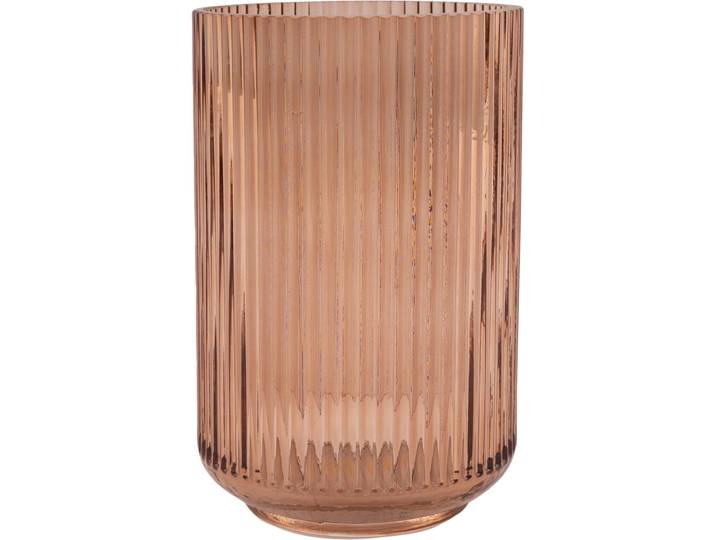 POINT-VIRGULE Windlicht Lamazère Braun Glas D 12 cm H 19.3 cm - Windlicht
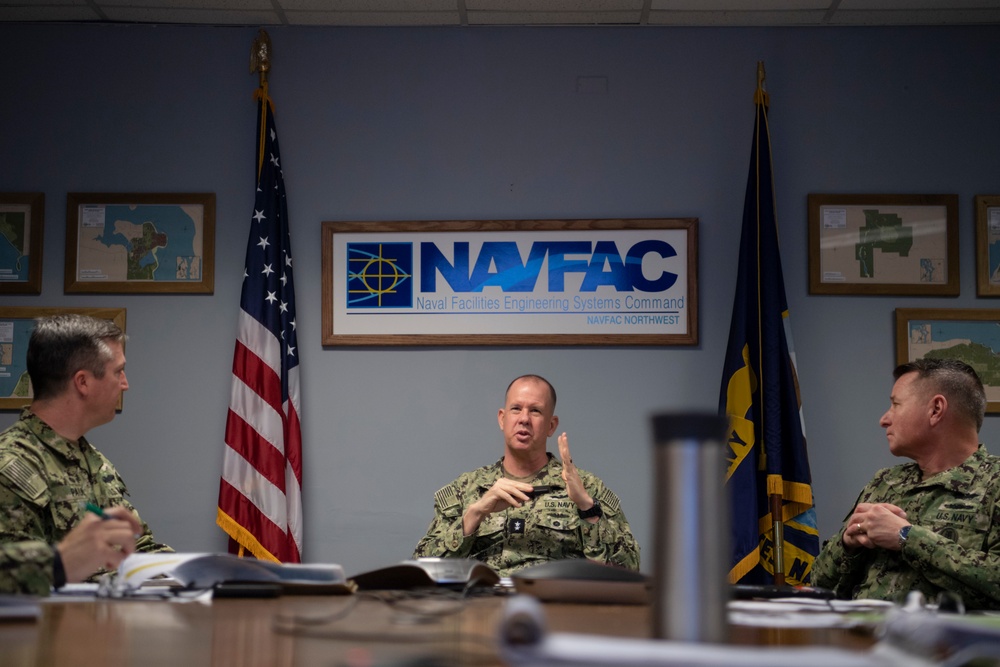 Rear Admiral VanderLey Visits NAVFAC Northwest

* * *

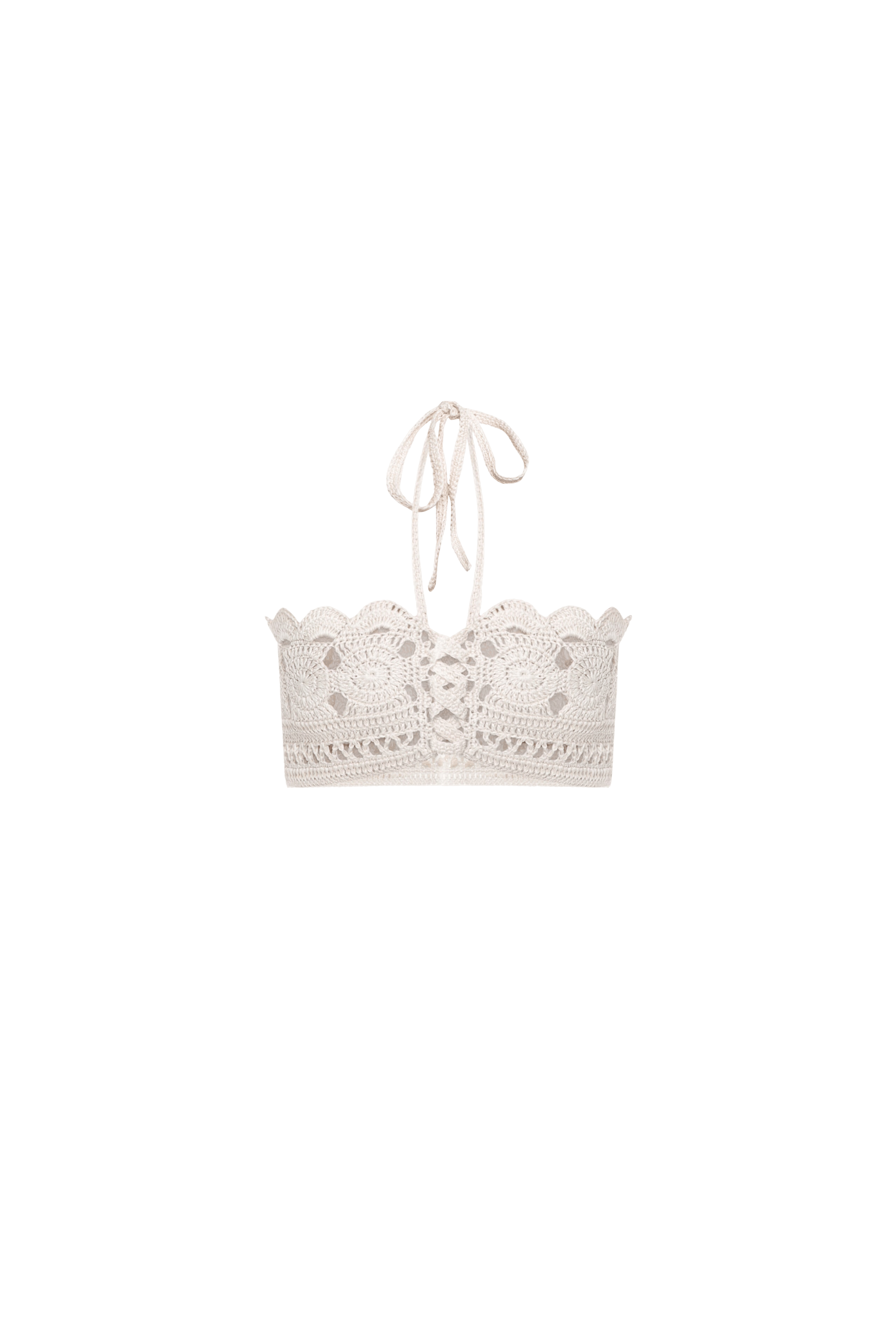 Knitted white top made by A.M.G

= Task to carry out =
Write out exactly the run of lines above that starts at the line containing "POINT-VIRGULE Windlicht Lamazère" and ends at the line containing "Rear Admiral VanderLey". Include both, and leave the pictures out.

= Response =
 POINT-VIRGULE Windlicht Lamazère Braun Glas D 12 cm H 19.3 cm - Windlicht
 Rear Admiral VanderLey Visits NAVFAC Northwest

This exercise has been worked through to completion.